Unlike NetFlow, sFlow is based on sampling. An sFlow agent obtains traffic statistics using sFlow sampling, encapsulates them into sFlow packets, which are then sent to the collector. sFlow provides two sampling modes – flow and counter sampling:

Flow sampling where the sFlow agent samples packets in one direction or both directions on an interface based on the sampling ratio, and parses the packets to obtain information about packet data content

Counter sampling where the sFlow agent periodically obtains traffic statistics on an interface

Flow sampling focuses on traffic details to monitor and parse traffic behaviors on the network while counter sampling focuses on general traffic statistics.

Due to packet sampling it is however not possible to have an accurate representation of the traffic and some traffic will be missed. Therefore, sampling can limit usage of flow data in cases like network anomaly detection. On the other hand, it can be used for top statistics or DDoS attack detection. Cisco has introduced very similar technology to sFlow which is called NetFlow Lite.

What formats does Flowmon support?

Our standalone Probe allows exporting flow data in NetFlow v5/v9 and IPFIX format. Additionally, the Probe can use the Flowmon IPFIX extension that allows enriching the flow data with additional information, such as network performance statistics (for example, Round-Trip Time, Server Response Time and Jitter) and information from the application protocols (HTTP, DNS, DHCP, SMB, E-mail, MSSQL and others).

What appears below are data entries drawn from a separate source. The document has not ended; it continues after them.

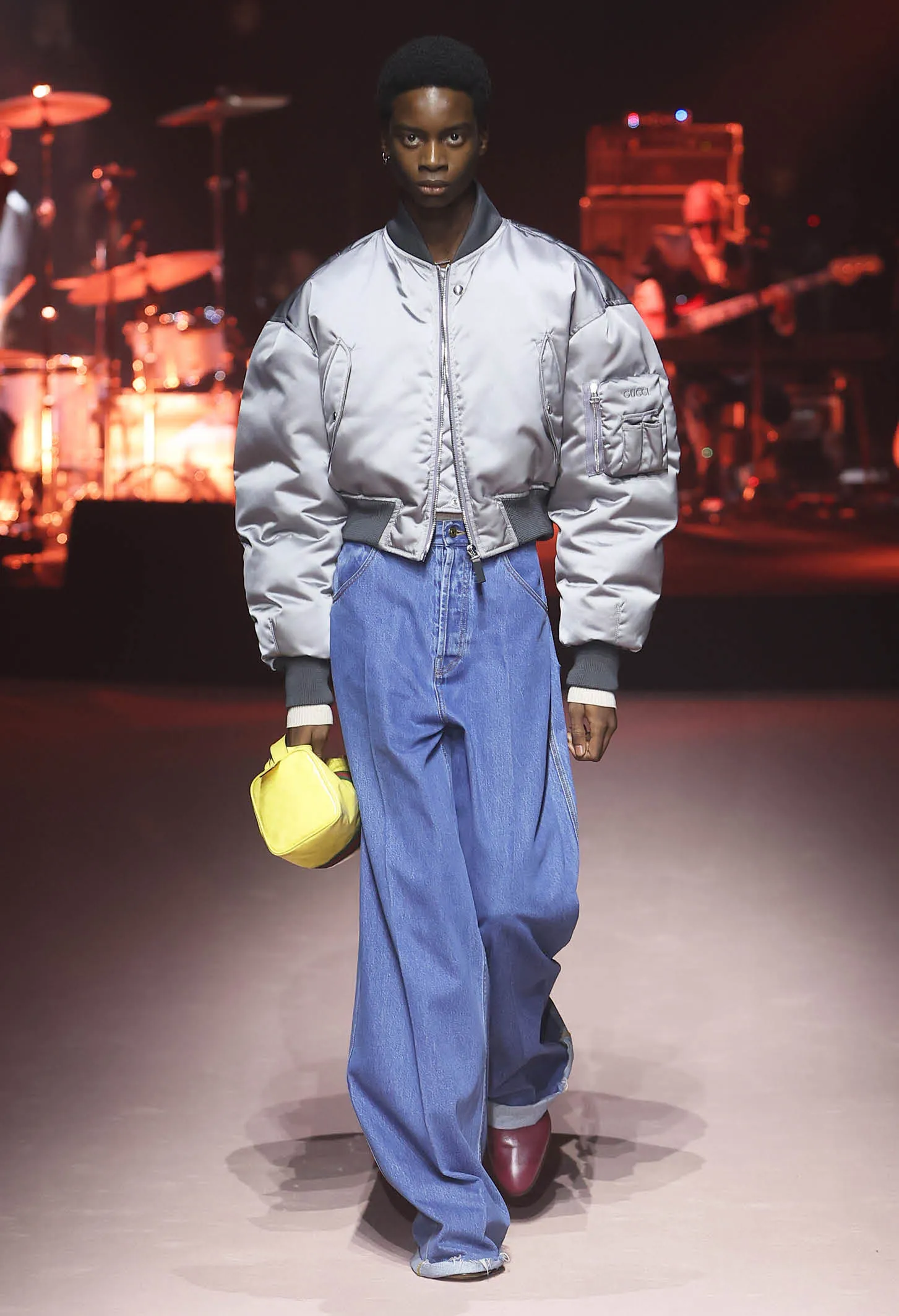Gucci | Men's FW23 Show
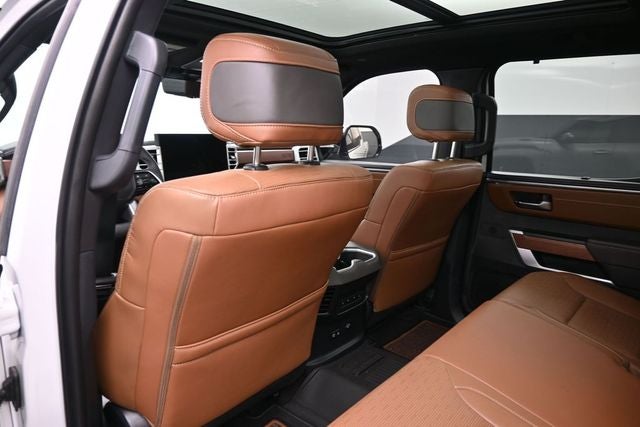 2025 Toyota Tundra Hybrid 1794 Edition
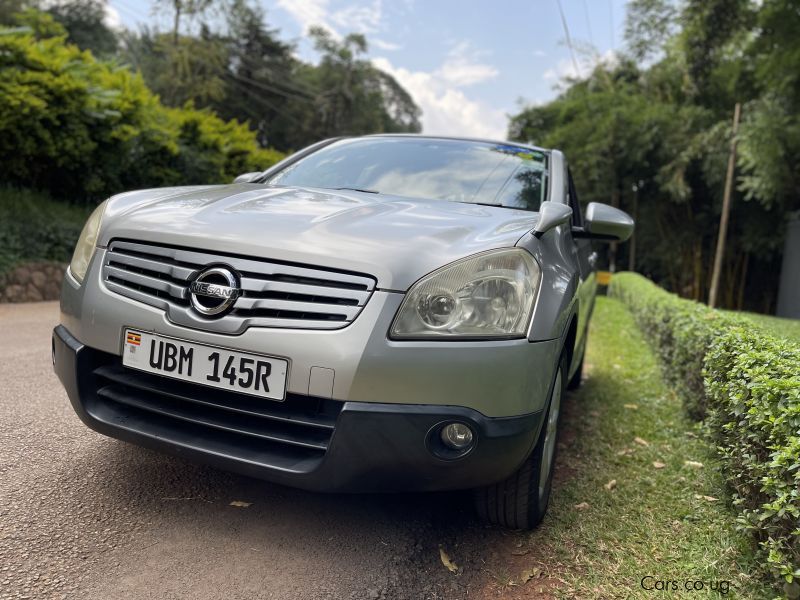 Nissan Dualis in Uganda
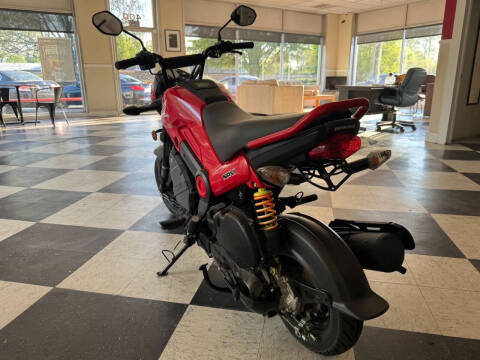 2023 Honda Navi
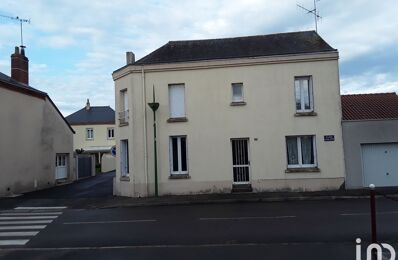 vente maison 172 000 € à proximité de Saint-Christophe-du-Bois (49280)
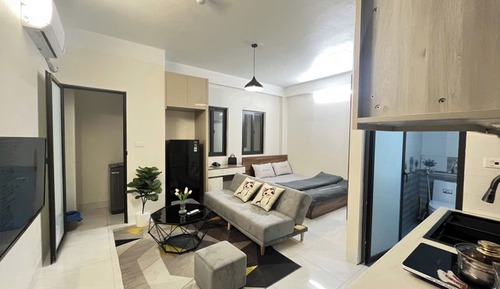 Apartamento estándar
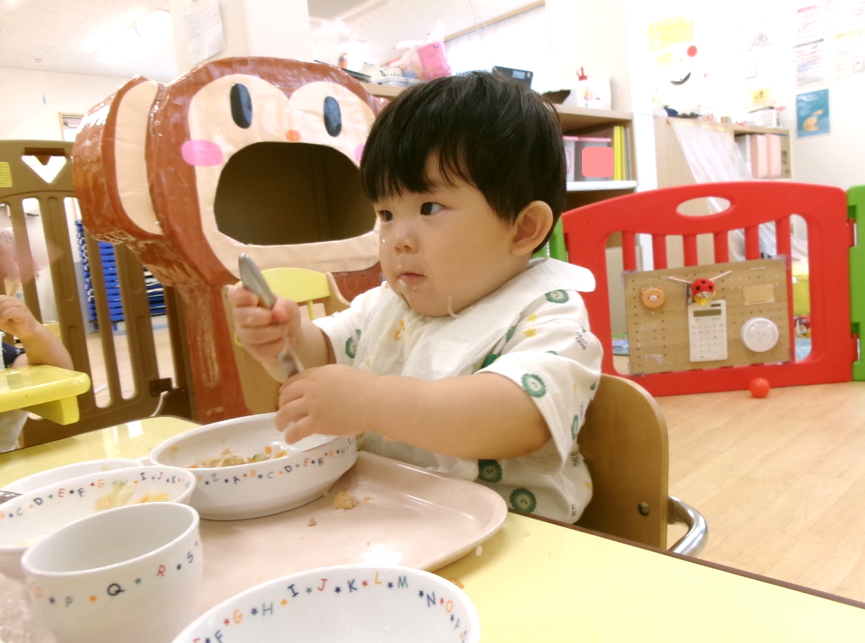 今日も完食です٩꒰。•◡•。꒱۶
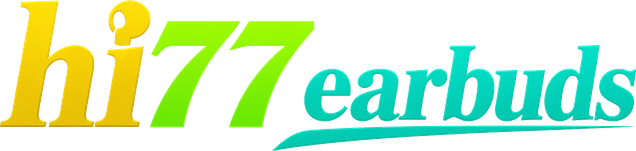 hi77 earbuds লোগো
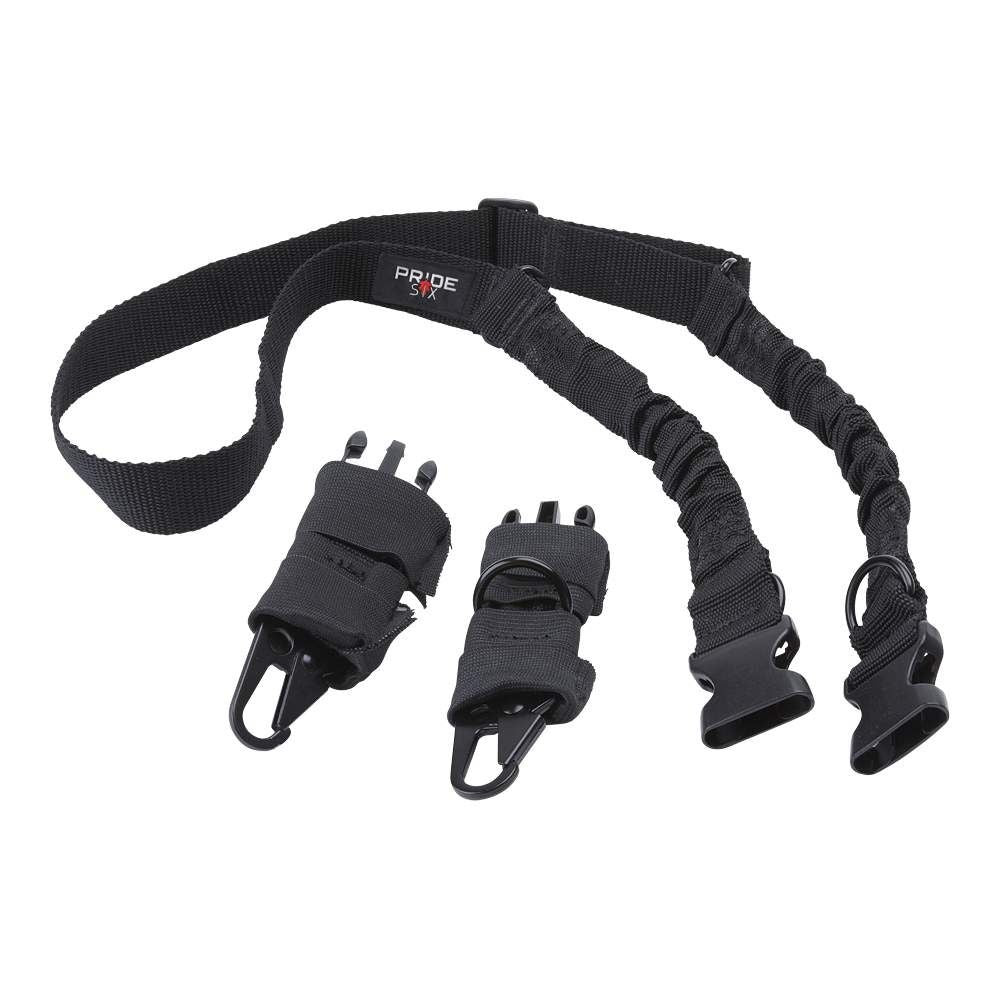TAC-SIX BUCKLEY TACTICAL RIFLE SLING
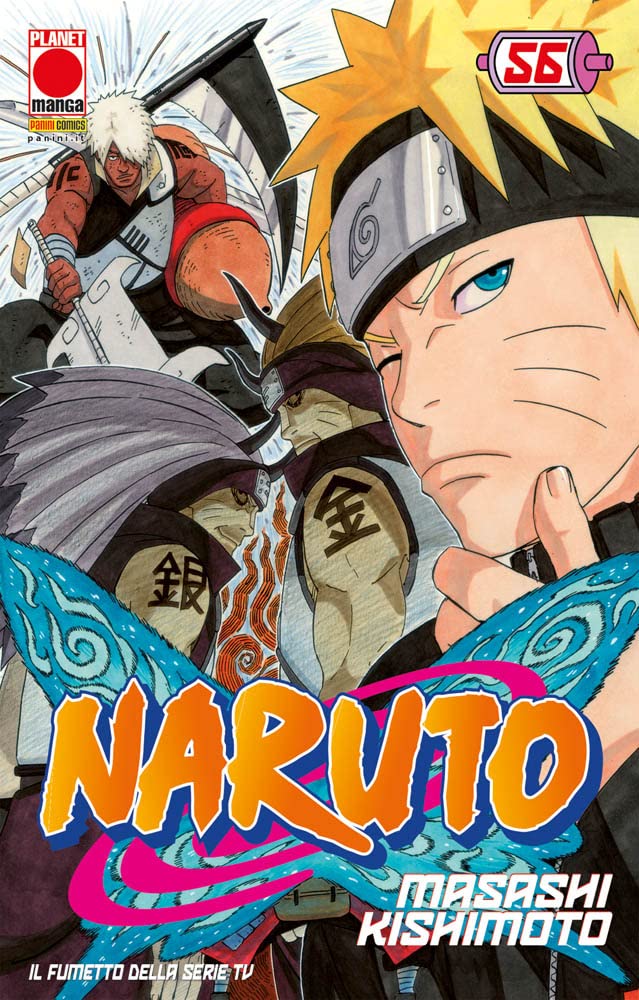 Naruto - Il mito (Vol. 56) - Centroscuola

The Flowmon Collector can process network traffic statistics from various sources and flow standards, including:

  • NetFlow v5/v9
  • IPFIX
  • NetStream
  • jFlow
  • cflowd
  • sFlow, NetFlow Lite

Conclusion: which flow format to use?

We have introduced the most common flow formats. Although the format you can use depends on your network infrastructure, from our experience in implementing high-performance network monitoring appliances, we highly recommend using NetFlow v9/IPFIX export formats, as they provide the most accurate and comprehensive information.